■ SUPPLIED DATA
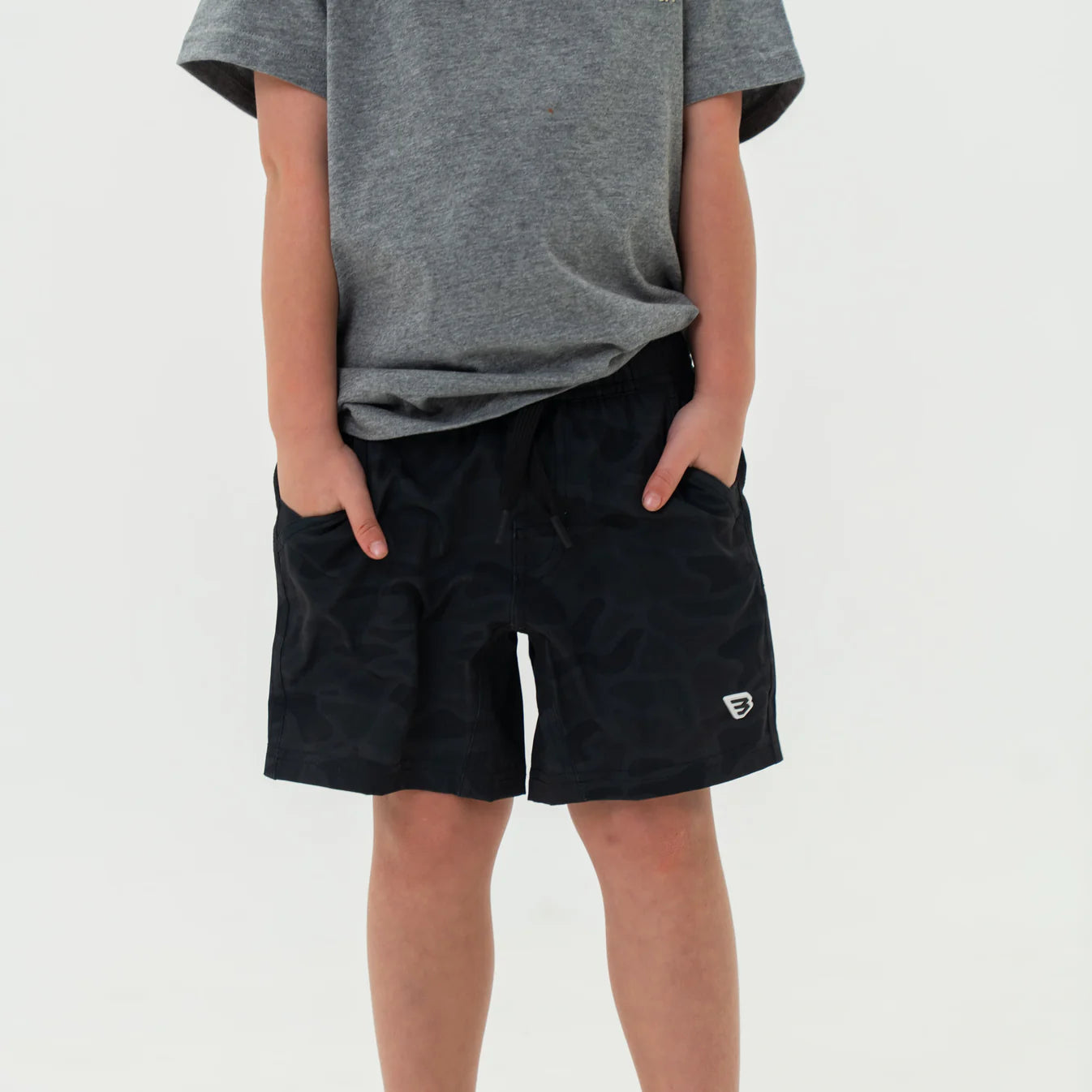 Black Camo Youth Athletic Shorts Burlebo Fl Y-AS-BLKC
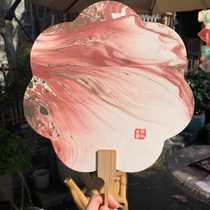 Non-relic dyeing paint fan Xuan paper fan material Package diy Chinese ancient wind drift dyeing and dyeing lacquer fan paint tool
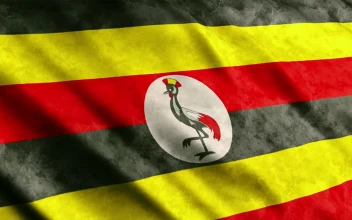Stock Footage Uganda Waving Flag From African Continent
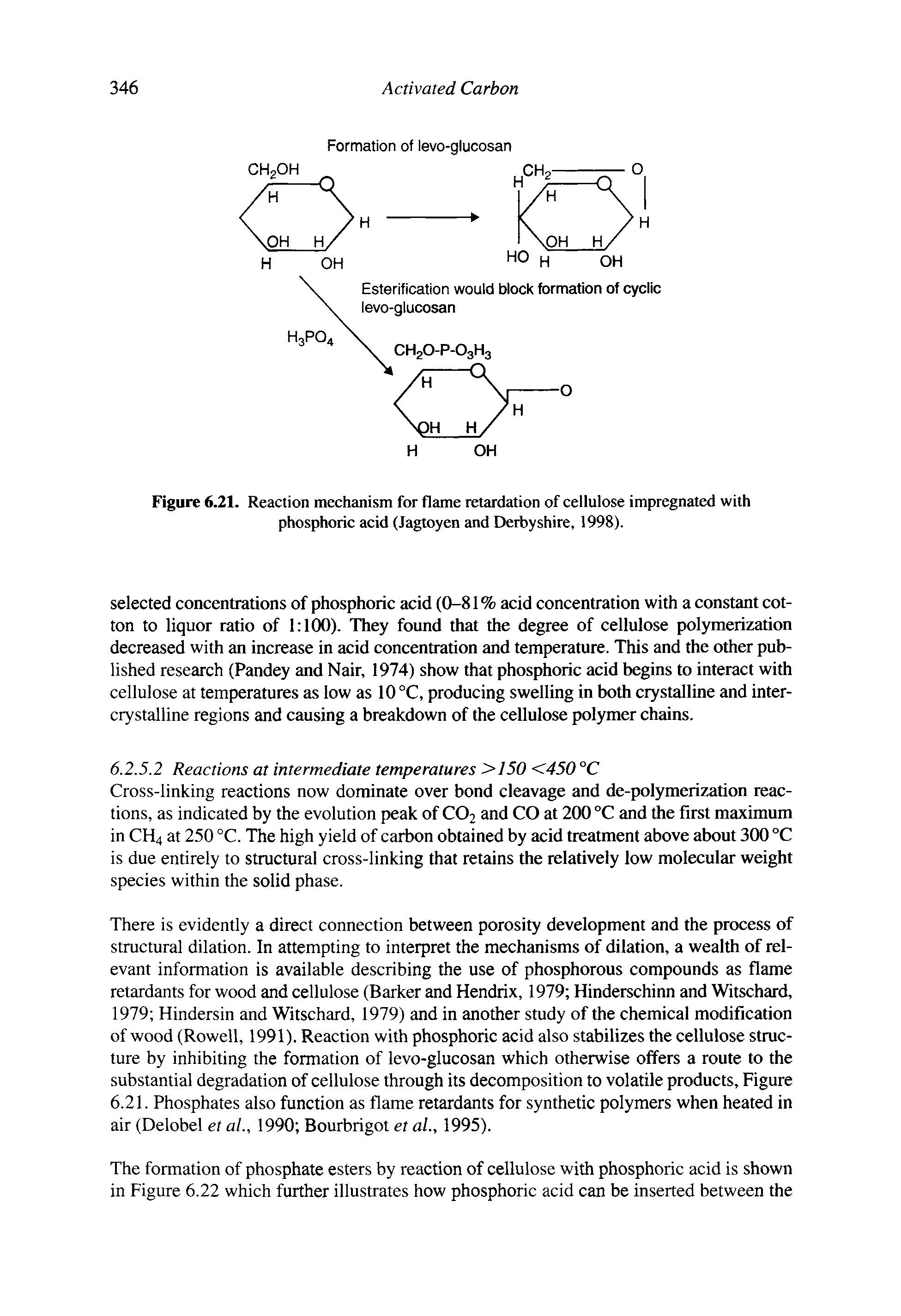 Figure 6.21. Reaction mechanism for flame retardation of cellulose impregnated with phosphoric acid (Jagtoyen and Derbyshire, 1998).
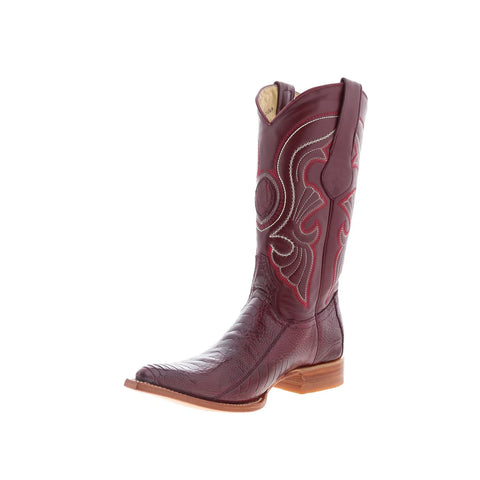 Los Altos Ostrich Leg Boots XXX-Toe Mens Burgundy Wide Cowboy Western Boots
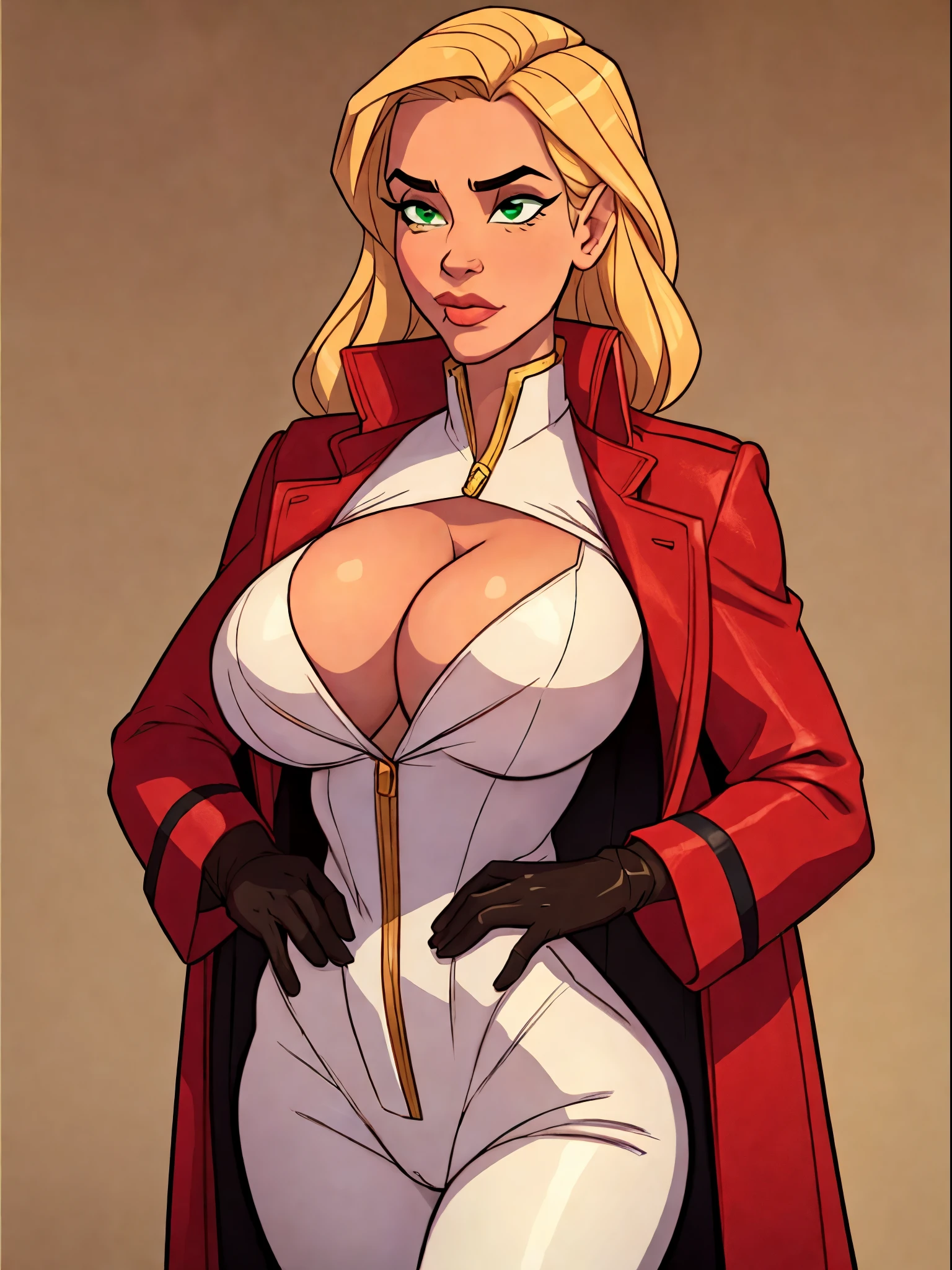 Lonely  girl, Tall stature, little chest, closed mouth, Slavic appearance: Green eyes; blond hair; sharp facial features; dimple on the chin; Straight nose; high nose; pronounced high cheekbones; high forehead, stands upright, (gigantic breasts:1.4), detailed face, military uniform:  double-breasted overcoat; pants, Full-length painting, leather gloves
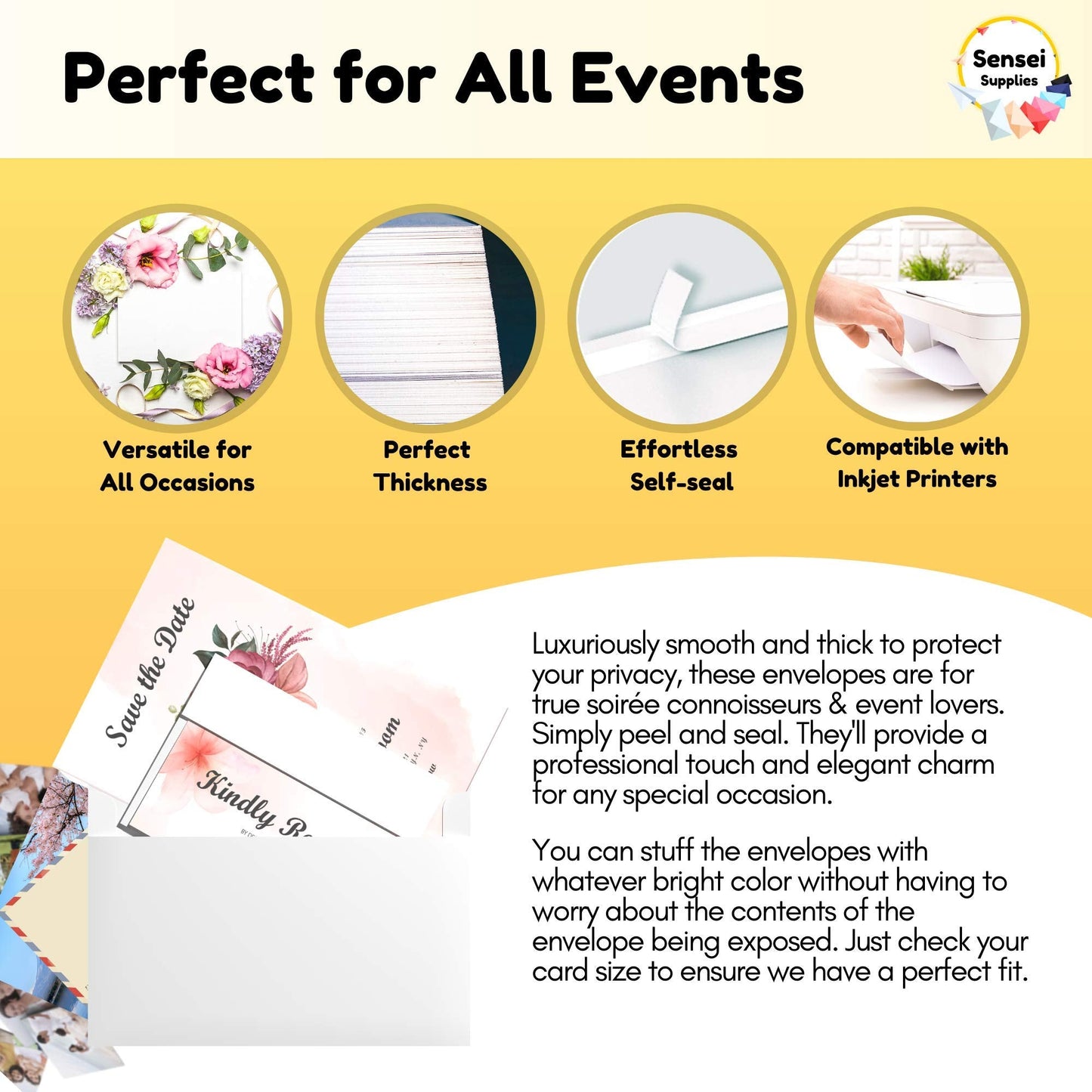 5x7 Envelopes for Invitations - 110 White Envelopes for 5x7 Cards - A7 - (5 ¼ x 7 ¼ inches) - Perfect for Weddings, Graduation, Baby Shower - 120 GSM - Peel, Press & Self Seal - Square Flap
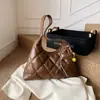 Bolso de Hombro para Mujer con Cadena de Rombo Retro 2026 Nuevo Bolso Tote de Moda Tendencia Bolso de Hombro Texturizado de Color Sólido para Mujer
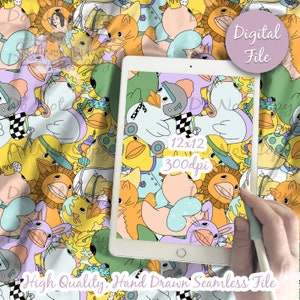 Rubber Duck Digital Paper - Seamless Ducky Pattern, Bath time Fabric, Printable Scrapbook paper download, Funny Duckies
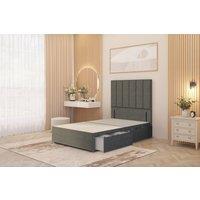 Somnior Austin 2 Drawer Divan Bed Base & 54 Floor Standing Headboard Linen in Mid Grey | Size: Super King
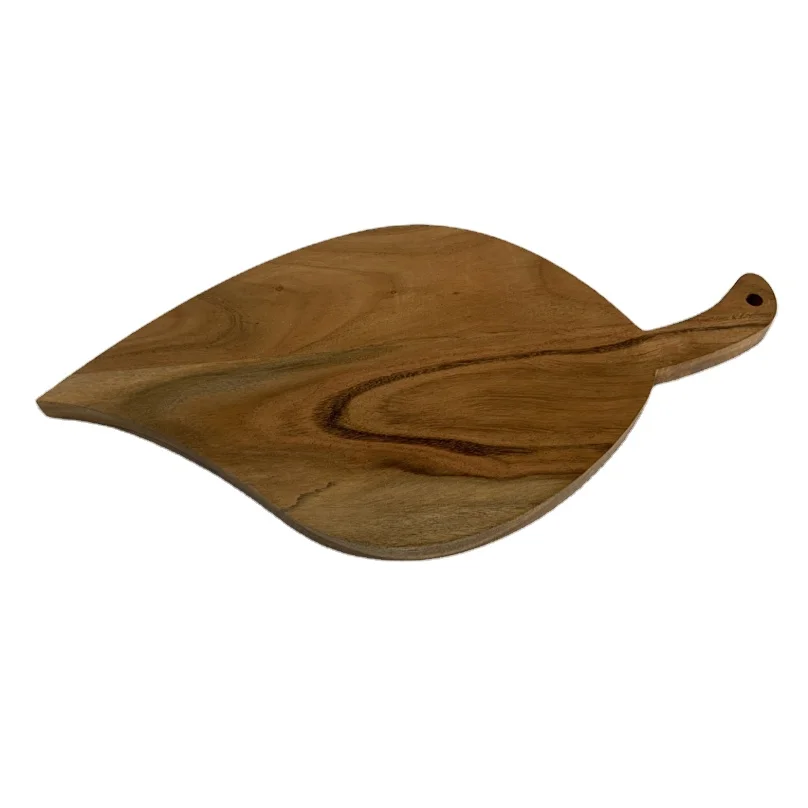 Customized Natural Wooden Chopping Board Elegant Leaf Shape Vegetable & Fruit Cutting Board for Sale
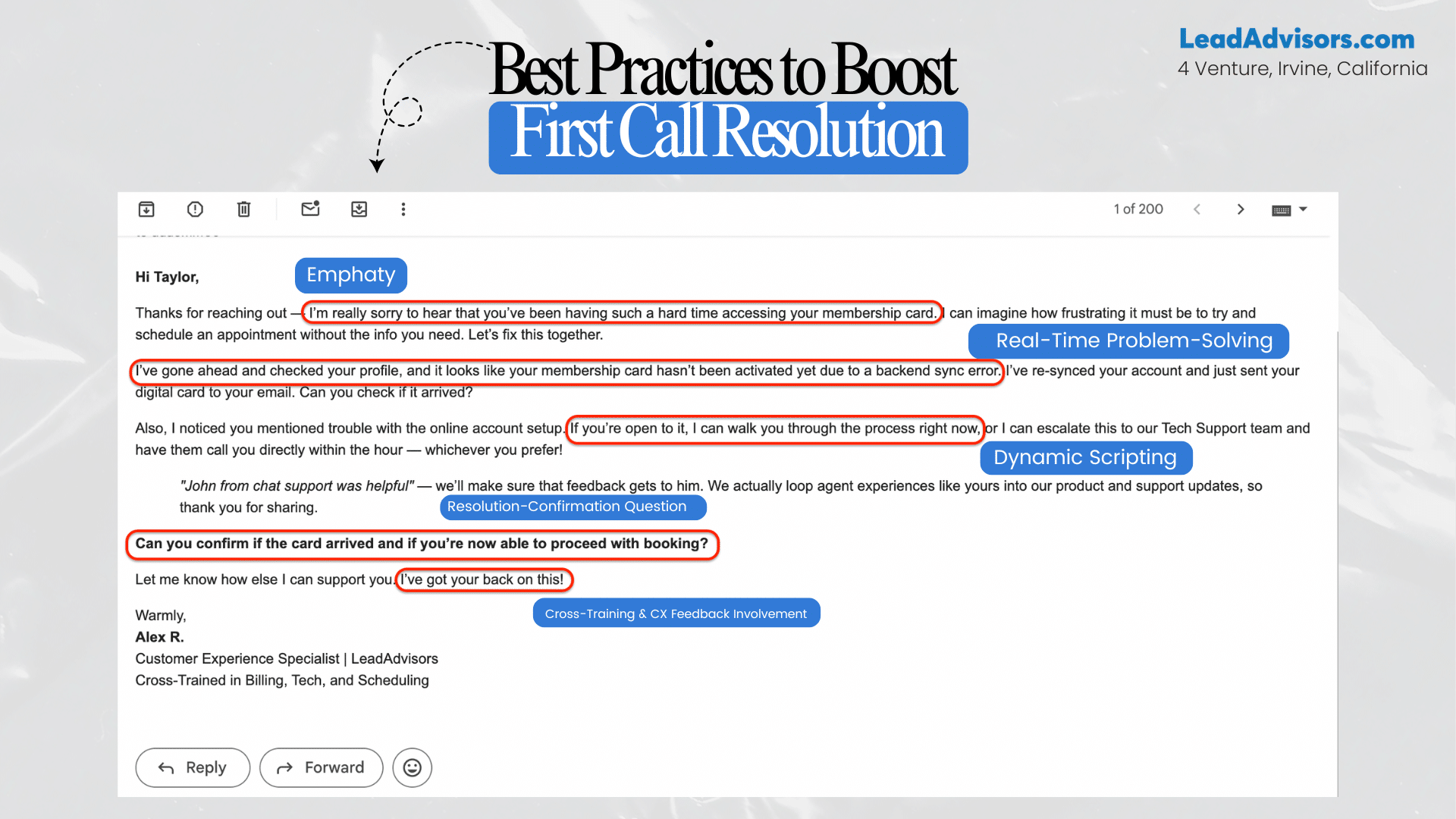 Email example showing best practices to boost first call resolution, including empathy, problem-solving, and dynamic scripting.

■ EXERCISE
Take the lines from the start of the entries through the line containing "Stock Footage Uganda" and set them down exactly, leaving out every picture.

■ WRITTEN ANSWER
 Black Camo Youth Athletic Shorts Burlebo Fl Y-AS-BLKC
 Non-relic dyeing paint fan Xuan paper fan material Package diy Chinese ancient wind drift dyeing and dyeing lacquer fan paint tool
Stock Footage Uganda Waving Flag From African Continent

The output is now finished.